24 de mayo de 2009

La corona y el premio

Una pareja se acerca a la entrada del parque.
Él es muy alto y muy rubio y pálido. Ella parece cansada.
- ¿Entramos?
-Como quieras -la respuesta de la mujer es indiferente.
-Hermoso, ¿no te parece? Con los tulipanes, los farolitos y las banderas.
-Sí, realmente. Entremos.

Y se suman al desfile de turistas.
De un pabellón cercano llegan las notas de un rock a toda orquesta. A ratos salen jóvenes desmelenados y se unen a los grupos que caminan, sin prisa. El salón de los espejos ofrece gratuitamente deformidades pasajeras. Al lado, hay otro de tiro al blanco.
Un grupo se ha congregado frente a un kiosco de juegos. En medio se levanta una columna de me­tal de dos metros de altura con un surco en el ­centro. El desafío consiste en pegar con una gran maza la plataforma sobre la cual está apoyada la columna para que una pelotita trepe dispa­rada a lo largo del surco. Hay premios que nadie sacó. Muchos lo intentaron; otros ni se atre­ven a probar.
- ¡Tres golpes por una corona! ¡Pruebe su fuerza, señor! ¡Hasta ahora nadie hizo llegar la peloti­ta hasta el tope! ¡Pruebe!
El hombre se desgañita, congestionado, por encima del rock y del arrastrarse de los pies.
La pareja, tomada del brazo, se detiene a obser­var.
El hombre vacila, como si fuera a adelantarse y dudara. Su mujer lo está mirando. La cara levan­tada, la mano en su mano, le dice algo. Es tan fuerte la música que él tiene que inclinarse para oírla. Ella insiste. El hombre se endereza, contes­tando con un encogimiento de hombros, una leve negación de la cabeza, la boca distorsionada en una mueca indecisa:
-No, ahora no... vamos a ver ... después ...
Hace un buen rato que hay un italiano parado entre la gente. También podría ser griego: bajo, de espaldas anchas y tez aceitunada, el cabello muy negro y crespo le cae sobre la frente angosta. La mujer lo mira con insistencia. El ita­liano recoge la mirada al vuelo, pañuelo arrojado desde las gradas de un circo. Se adelanta unos pa­sos mientras el murmullo crece como una ma­rea.
- ¡Pruebe su fuerza, señor! ¡Hasta ahora nadie consiguió el premio! ¡Pruebe usted! -el grito sale al vacío, sin dirigirse a nadie en es­pecial.

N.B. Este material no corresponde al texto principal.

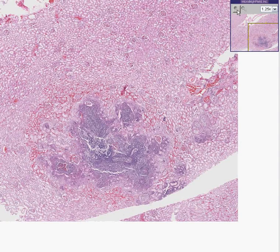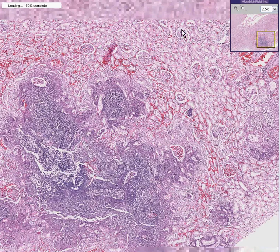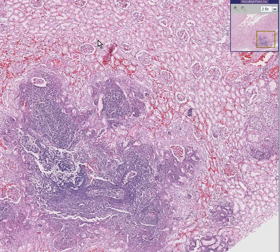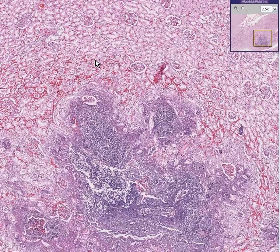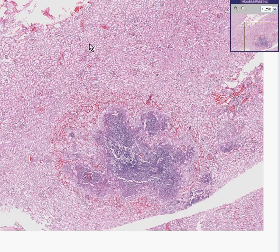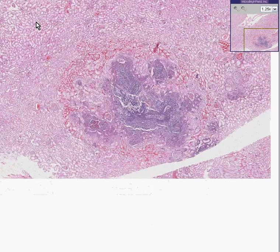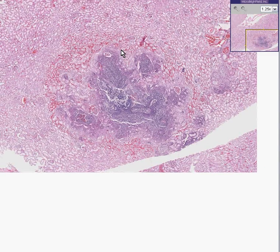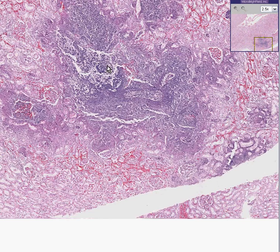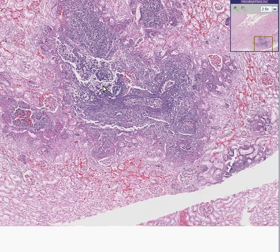It wouldn't take very long before I could instantly convince you this is a kidney. You can see nice glomeruli, nice tubules. What instantly strikes you as being abnormal is that within this histologically normal kidney, you see a big blue irregular but fairly well-defined area.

La decisión está tomada y ya dos manos more­nas y anchas empuñan con firmeza el mango de la maza. Lo acarician, sopesándolo, mientras su dueño calcula la distancia hasta la plataforma.
El murmullo del grupo ha cesado. Se oye sólo la música de rock, ahora más lejana. La tensión y la curiosidad crecen en los segundos que pasan. El italiano se da vuelta y echa una larga mirada a la mujer que lo ha estado observando. Ella, en­tonces, hace un comentario a su hombre. Él gira la cabeza, como buscando algo que se le hubiese extraviado.

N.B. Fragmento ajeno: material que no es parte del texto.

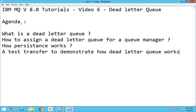Hello everyone, this is Karthik Salvaraj and in this video 6 of IBM MQ version 8 tutorials we will see what is a dead letter queue. The agenda of this video will be to know what is a dead letter queue, how to assign a dead letter queue for a queue manager, and a little bit about persistence. Persistence will be covered in a separate video as well.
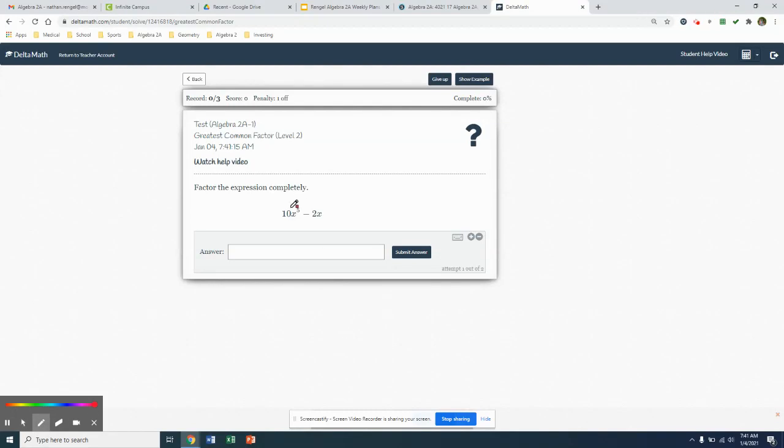In our two terms, we have a 10 and a 2. We're going to look for a number that divides both 10 and 2. That's what a factor is - it's just a number that divides it evenly. So as you look at the number 10 and the number 2, what number can be divided into both of those two numbers?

La maza cae sobre la plataforma en un movi­miento armoniosamente circular, potente.
La pelotita trepa, trepa con fuerza des­controlada y pega violentamente contra el tope máximo de la columna. Se diría que ya no es re­donda.

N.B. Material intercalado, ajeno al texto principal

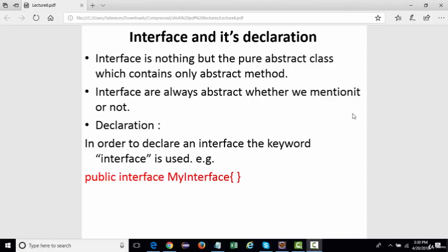Let's see what an interface is and its declaration. An interface is actually a pure abstract class, which by default contains all methods as abstract methods. Whether we mention the keyword abstract or not, all methods inside an interface will still remain abstract.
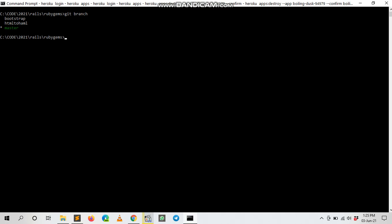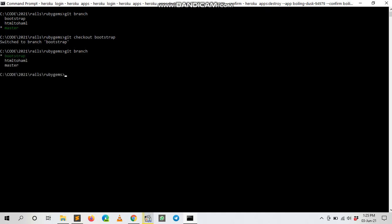I want to delete the bootstrap branch. Okay, checkout... and check again. Okay, now I'm in bootstrap. So I want to delete this branch.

Un grito unánime, sobrepasando todos los rui­dos, aclama al ganador, quien otra vez mira a la mujer. Ella inclina la cabeza y le de­vuelve la mirada con una casi sonrisa, apenas una luminosidad que le aclara las facciones.
El italiano apoya suavemente el mango de la maza contra la pared del kiosco y, rechazando el premio con una sacudida de hombros, se aleja.
Después, la pareja prosigue el paseo por los sen­deros y se pierde entre los tulipanes apagados y las notas de un nuevo rock.